RUU Keamanan Nasional Perlu Dikaji Lebih Dalam

[Unpad.ac.id, 17/12/2012] Rancangan Undang-Undang (RUU) Keamanan Nasional (Kamnas) saat ini banyak mengundang kontroversi dari berbagai pihak. Sampai saat ini, pembahasan RUU tersebut tengah dibahas oleh DPR melalui Pansus RUU Kamnas. Nyatanya, pembahasan tersebut sempat molor karena banyak pihak dan fraksi yang menyatakan RUU Kamnas dinilai perlu ada pendalaman kajian.

Logo Unpad *

“Sebenarnya, UU Kamnas ini sendiri penting untuk sistem keamanan nasional yang bersifat global,” ujar Andi Widjajanto, Ph.D., pakar militer dan Dosen FISIP Universitas Indonesia saat menjadi pembicara pada Seminar “Menakar Kepentingan Nasional Melalui RUU Keamanan Nasional” yang digelar oleh Program Studi Ilmu Pemerintahan FISIP Unpad bekerja sama dengan Indonesia Center for Democracy, Diplomacy, and Defense (IC3D), Senin (17/12) di Ruang Serba Guna Lantai 4 Gedung 2 Unpad, Jln.  Dipati Ukur, Bandung.

Menurutnya, ancaman terhadap stabilitas keamanan negara tidak hanya diakibatkan oleh ancaman militer, tapi juga ancaman nonmiliter. Untuk itu, sistem keamanan nasional berusaha mengombinasikan beberapa subsistem, yakni sistem keamanan rakyat semesta (siskamrata) dan sistem pertahanan rakyat semesta (sishanrata). Dua konstruksi sistem tersebut merupakan sistem yang akan dibentuk dalam RUU Kamnas.

“Pemerintah melalui RUU ini ingin menghadirkan satu sistem yang terintegrasi yang tidak hanya ditangani dengan satu aktor saja (TNI, dll) tapi juga aktor lain dengan menghadirkan Dewan Keamanan Nasional (DKN),” ungkap Andi.

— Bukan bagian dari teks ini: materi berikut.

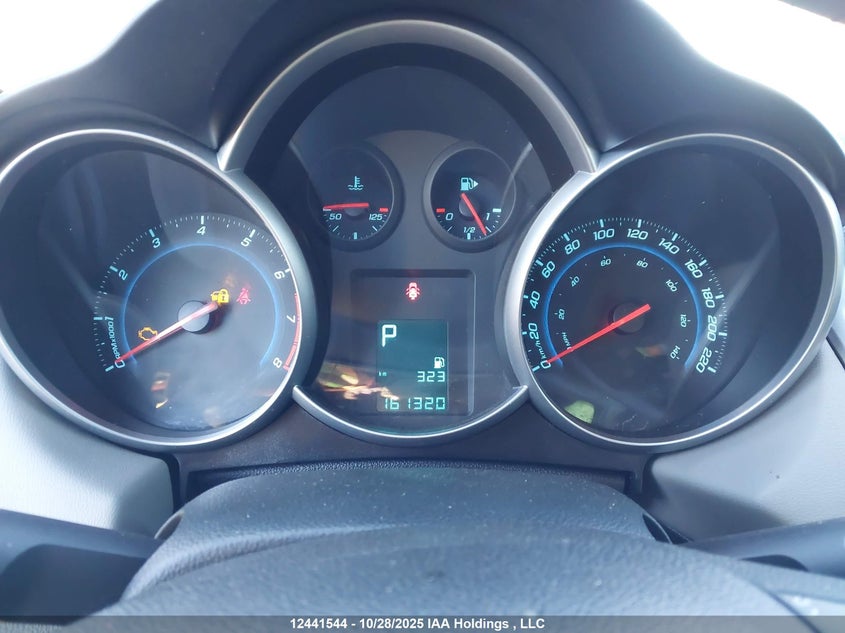1G1PA5SH5B7201245 2011 CHEVROLET CRUZE photo no. 7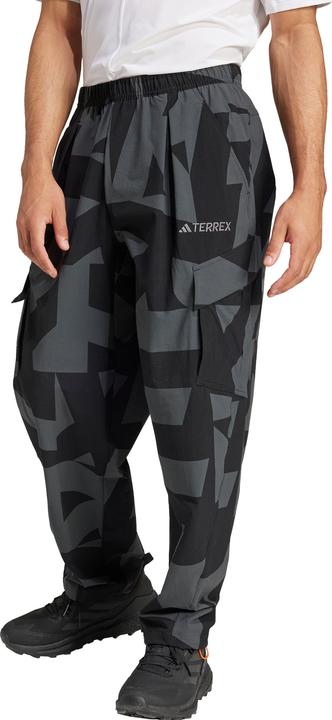 Actual product image adidas Cargo AOP Pants (L)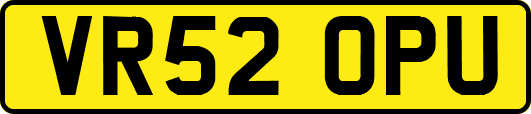 VR52OPU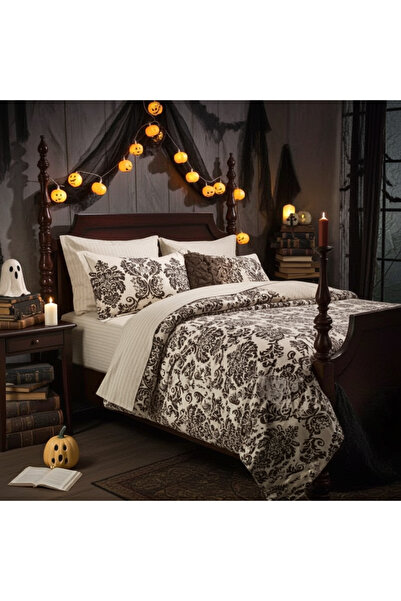 Pucioasa Bed linen without elastic 6 pieces Dominica SF104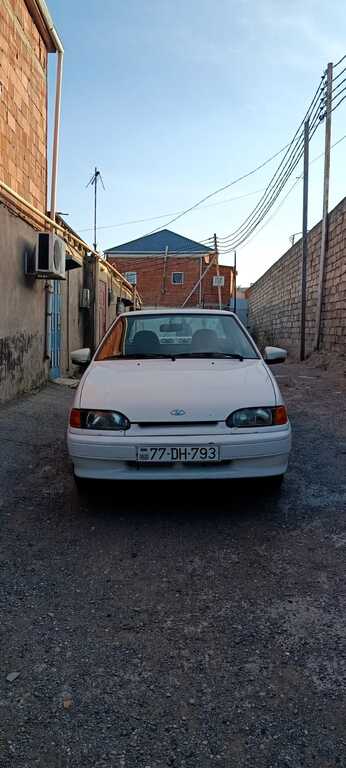 Lada (VAZ) 2115, 1.6 L, 2012 il, 280 000 km — Bakı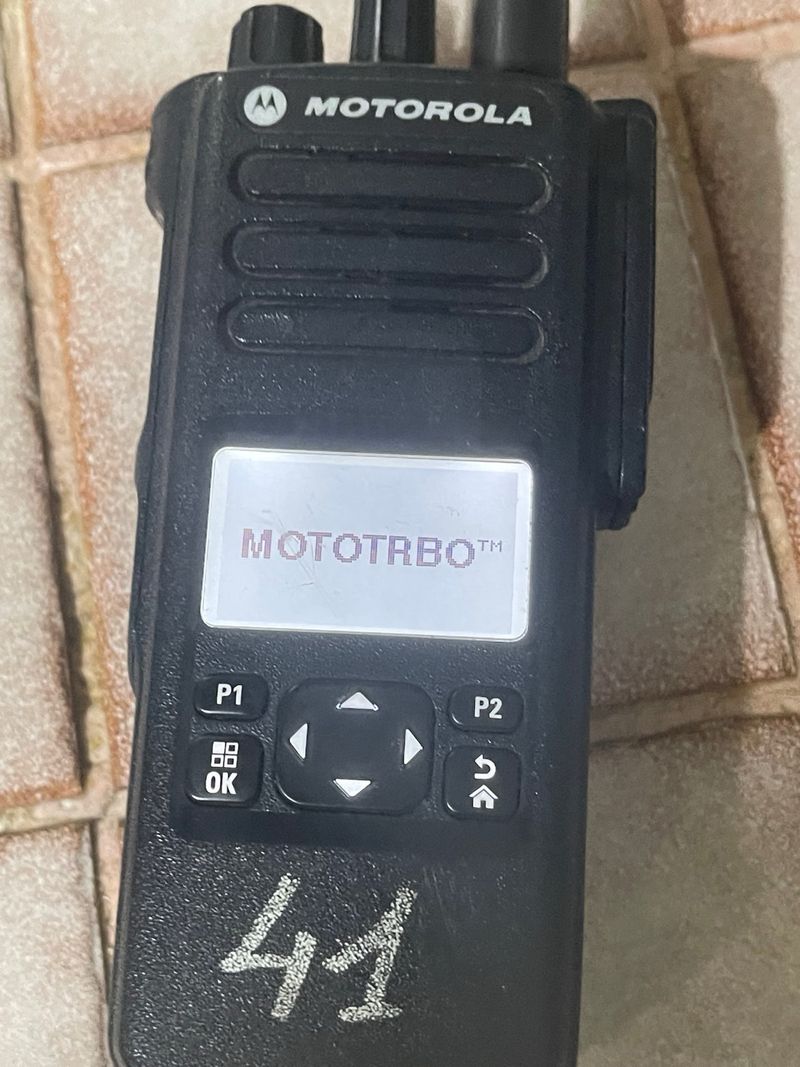 Walkie Motorola DP4600 MOTOTRBO UHF Profesional afbeelding 10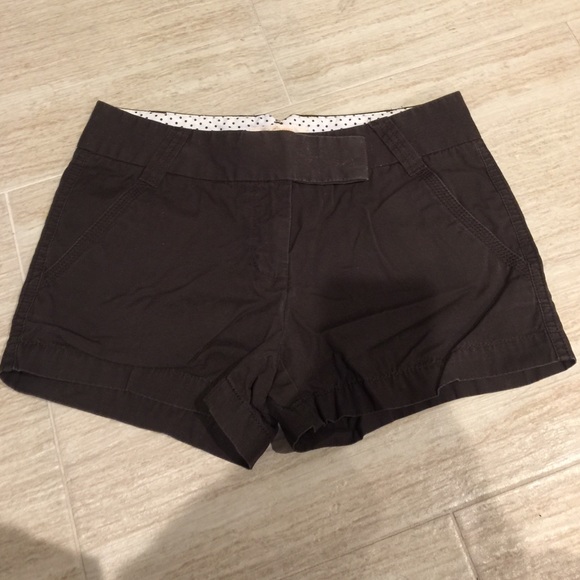 JCrew Chino Shorts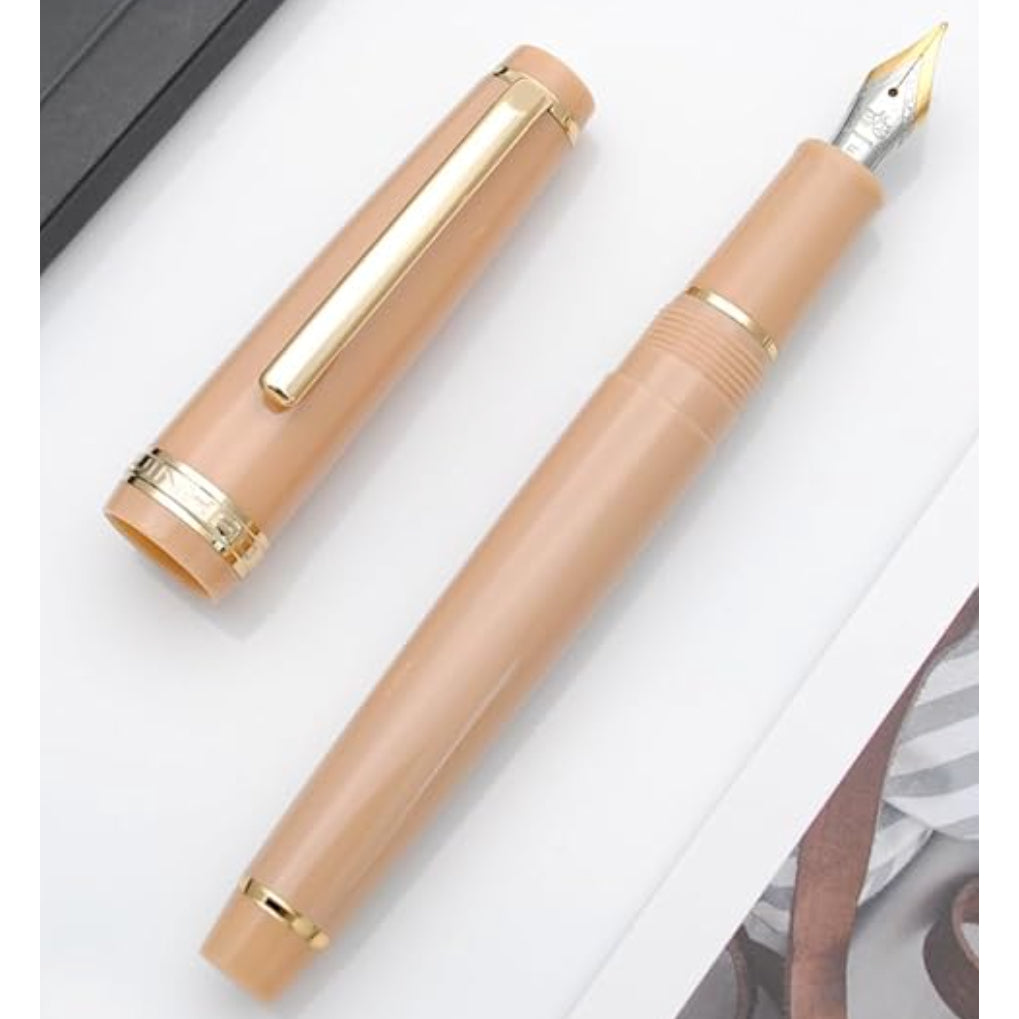 Jinhao 82 Fountain Pen - Opaque Body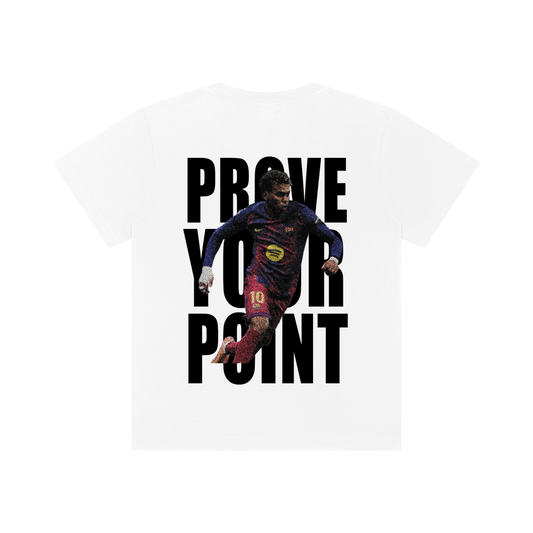 Prove Your Point Lamine Yamal Kids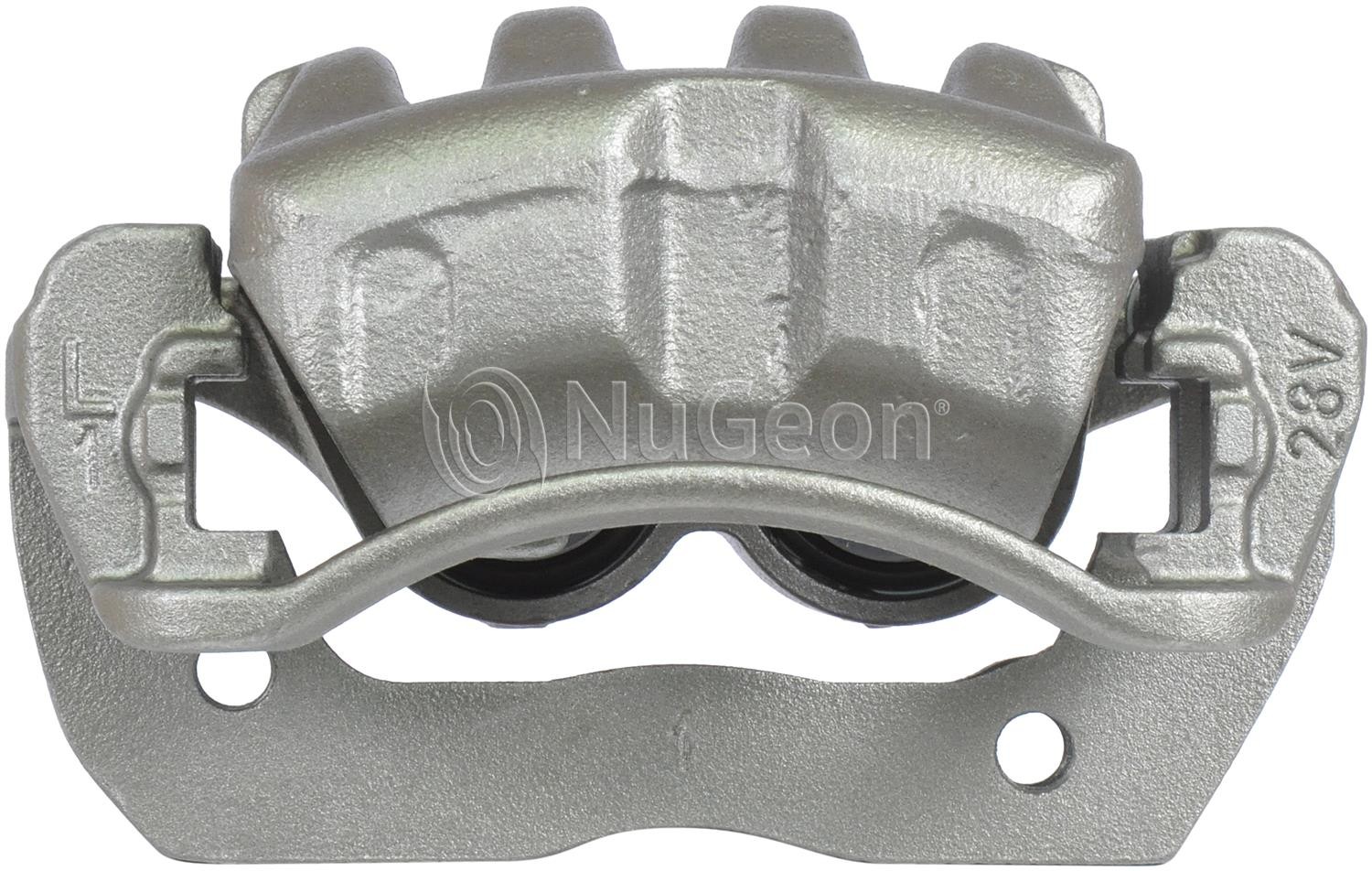 Vision 99-01601A Remanufactured Disc Brake Caliper - Image 6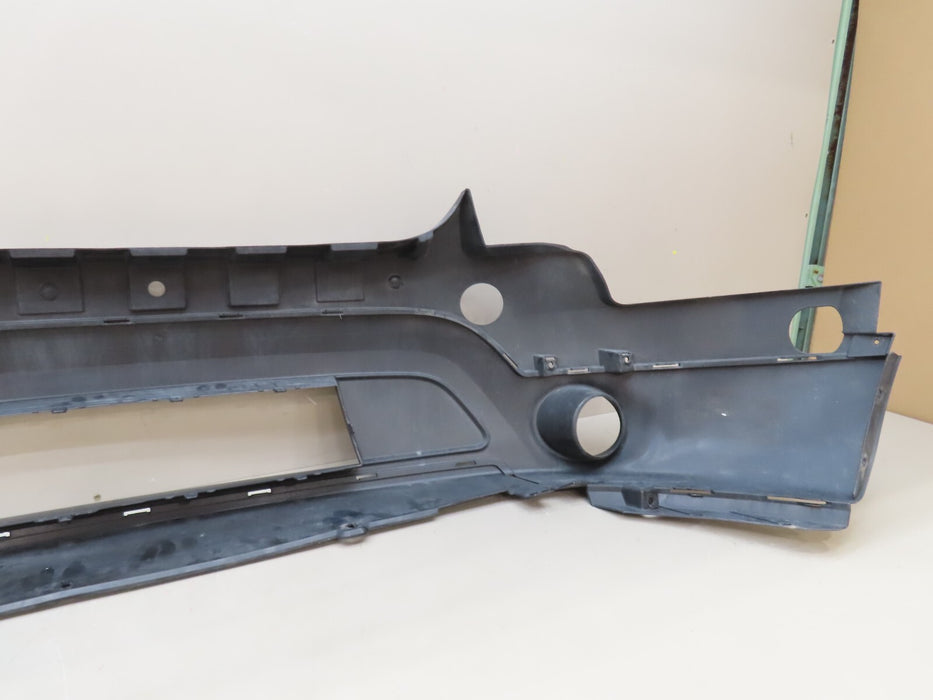 2011-2015 FORD EXPLORER SUV FRONT LOWER BUMPER COVER PANEL OEM BB53-17F775-ADW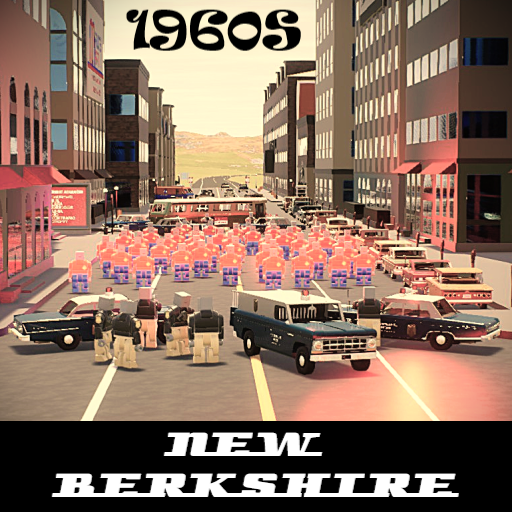 New Berkshire 1960s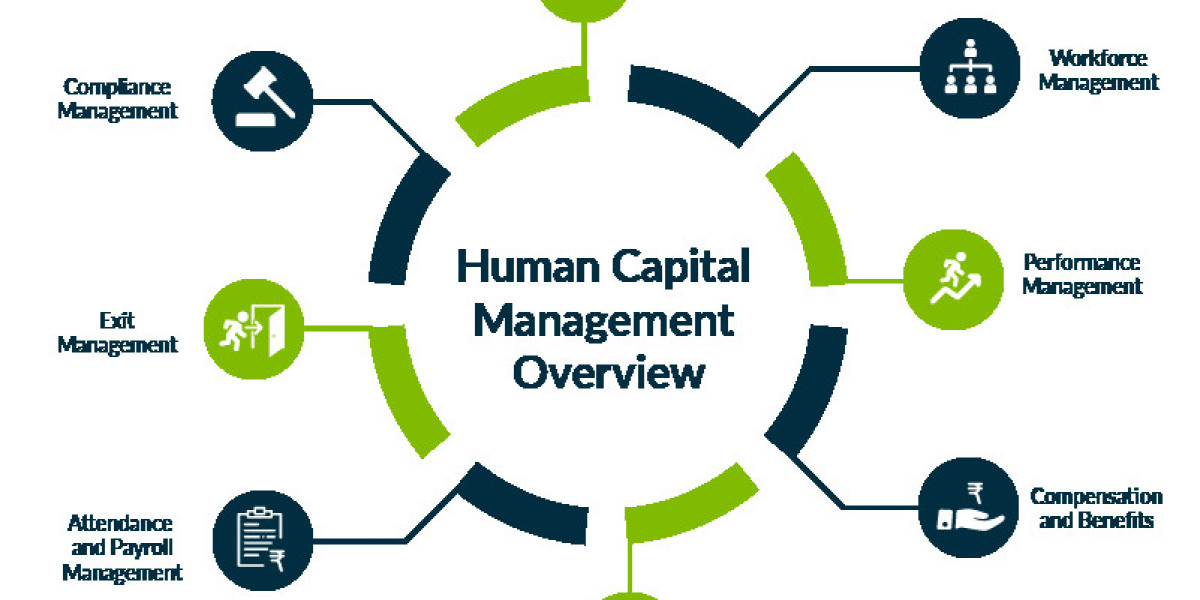 Human Capital Management Market Volume Forecast And Value Chain Analysis Upto 2032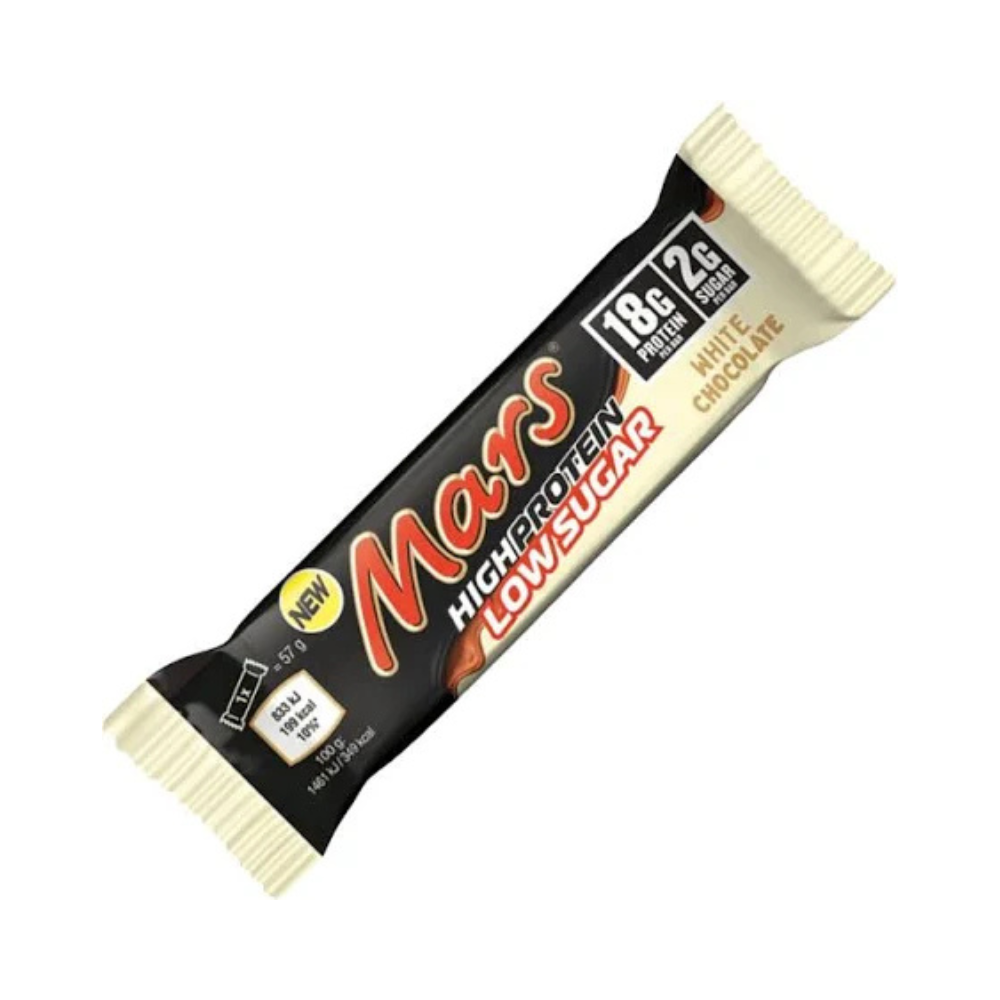 MARS WHITE CHOCOLATE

Terkait dengan ancaman yang bersifat nonmiliter, pakar Pancasila, Dr. HC. As’ad Ali, dalam RUU Kamnas dibahas mengenai Human Security terkait pangan, ekonomi, dan kesehatan nasional. Dulu, persoalan persepsi mengenai keamanan terbagi menjadi dua, yaitu pertahanan keamanan dan keamanan nasional. Saat ini, Indonesia sendiri tengah dihadapkan pada arus globalisasi, sehingga ada ketakutan masalah keamanan di Indonesia akan dipengaruhi oleh campur tangan pihak asing. “Dalam RUU Kamnas sebenarnya sudah disebutkan mengenai Human Security, namun RUU tersebut masih belum jelas rinciannya,” jelas As’ad.

Sementara itu, Pakar Hukum Tata Negara Fakultas Hukum Unpad, Dr. Indra Perwira, S.H., M.H., menolak gagasan mengenai RUU Kamnas ini. Menurutnya, definisi hukum dan keamanan itu sendiri harus diperjelas terlebih dahulu. Dalam UUD 1945, landasan mengenai keamanan sendiri tidak ada, yang ada hanya pembahasan mengenai bela negara di dalam Pasal 30.

“Sistem pertahanan negara bukan  militer saja yang memegang, tetapi sipil juga harus diikutkan. Jangan bicara masalah keamanan kalau masyarakat tidak memiliki sense tentang hal tersebut,” ujar Indra.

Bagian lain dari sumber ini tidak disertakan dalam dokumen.